:: PROBLEM TO WORK ON ::
Output the lines from the one containing "MINI Mini Countryman — миниатюра 3" through the last line of the material below, exactly; please do not include pictures.

:: SOURCE DATA ::
※ ※ ※

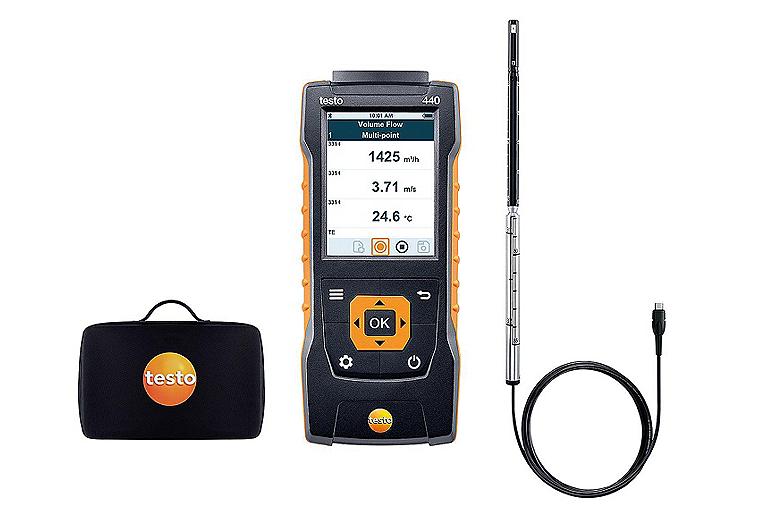 testo 440 Hitzdraht-Set testo 440 Hitzdraht-Set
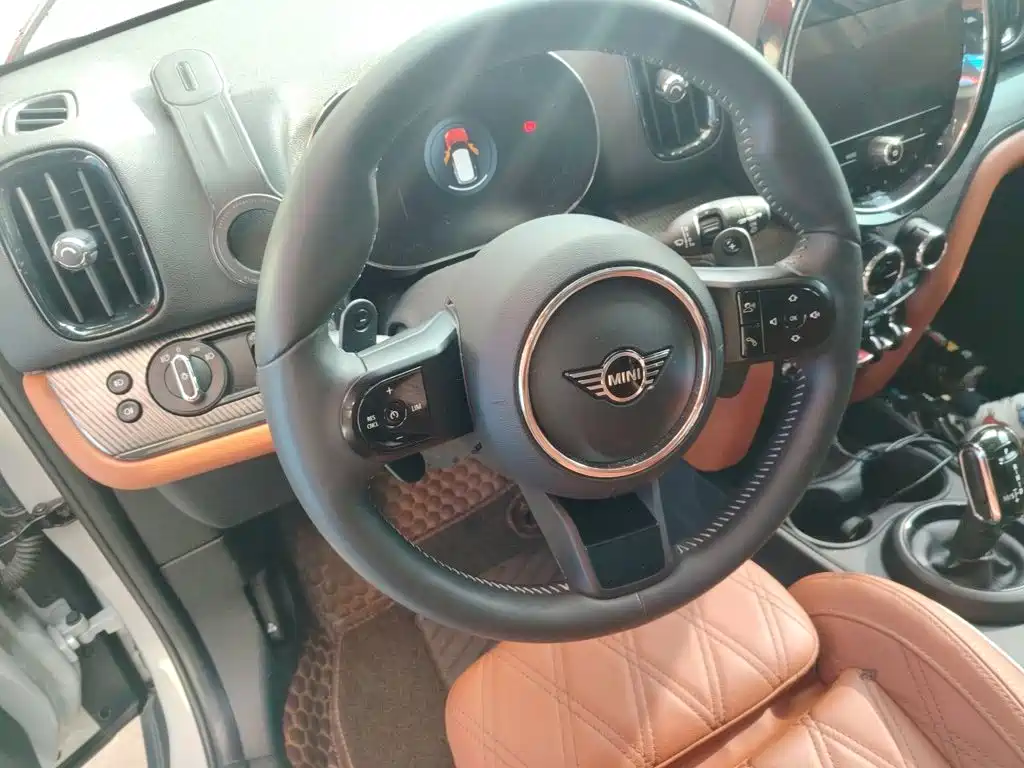 MINI Mini Countryman — миниатюра 3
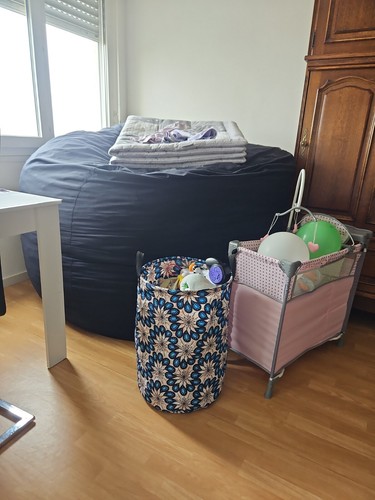 Pouf géant xxl - pouf,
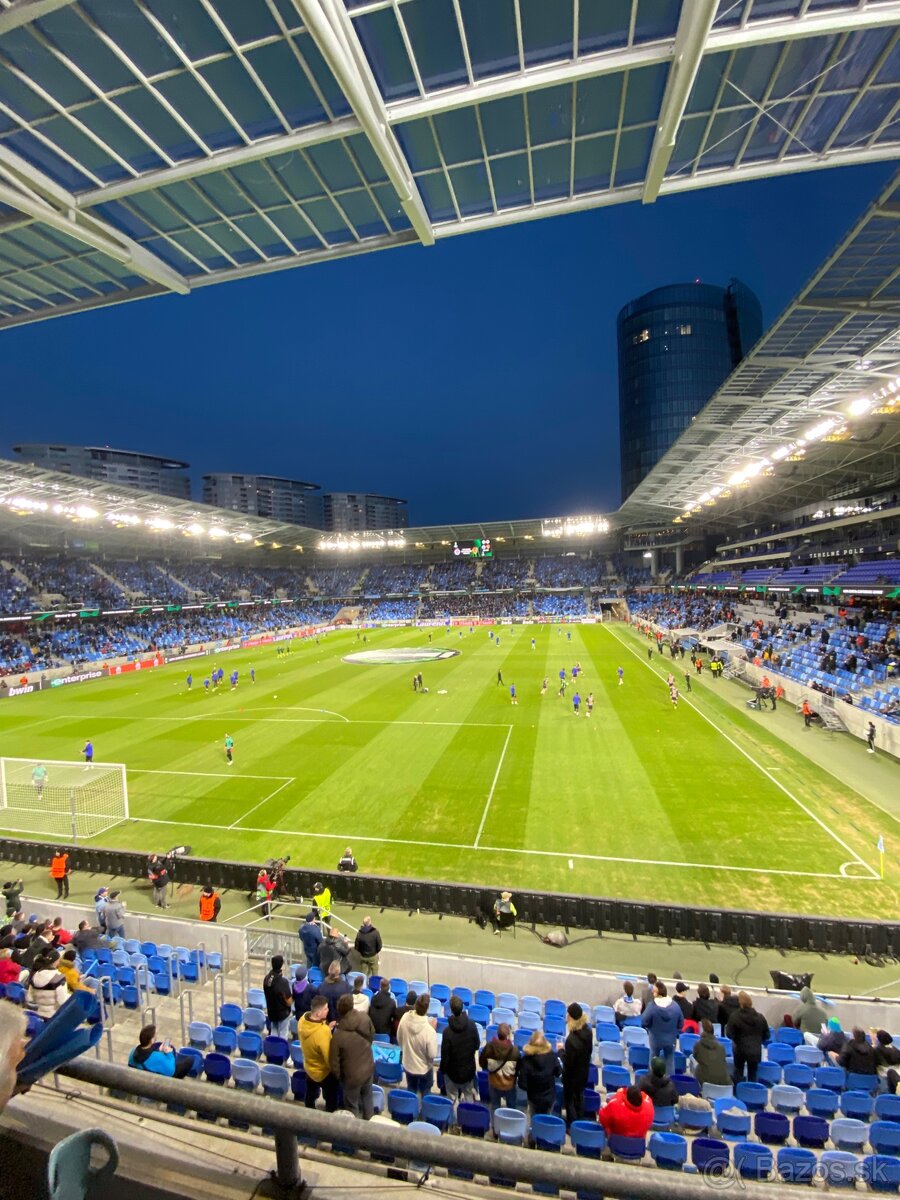 Predám vstupenku| FINÁLE U21 Euro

※ ※ ※

:: RESPONSE TO THIS EXERCISE ::
 MINI Mini Countryman — миниатюра 3
 Pouf géant xxl - pouf,
 Predám vstupenku| FINÁLE U21 Euro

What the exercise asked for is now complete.